You ask "why, if it affects the column span, does it not change the solution set?"
Well, if you write a row op as left-multiplication by some elementary matrix $R$, then the solutions to
$$
(RA)x = b
$$
are indeed quite different from those for
$$
Ax = b,
$$
so row operations do change the solution set. The good news is that a slight variation of this is still useful. If you want to solve
$$
Ax = b
$$
you can instead solve
$$
(RA)x = Rb
$$
i.e., if you do the same row op to $A$ and to the target vector $b$, the solution set remains unchanged.

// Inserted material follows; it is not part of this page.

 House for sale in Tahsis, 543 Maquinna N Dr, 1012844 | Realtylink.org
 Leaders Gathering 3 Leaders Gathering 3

If you do lots of row ops to make $A$ become diagonal, or upper triangular, the system may then be easy to solve. (Indeed, this is sometimes called something like "augmented Gaussian elimination", because you stick the column vector b on the right hand side of the matrix A, and perform row ops on the whole mess.)
In the special case $b = 0$, the row ops have no effect on $b$, and hence solving
$$
Ax = 0
$$
and
$$
(RA)x = 0
$$
give the same results, which is what you've observed in writing "$Ker(T_A)$ is not changed."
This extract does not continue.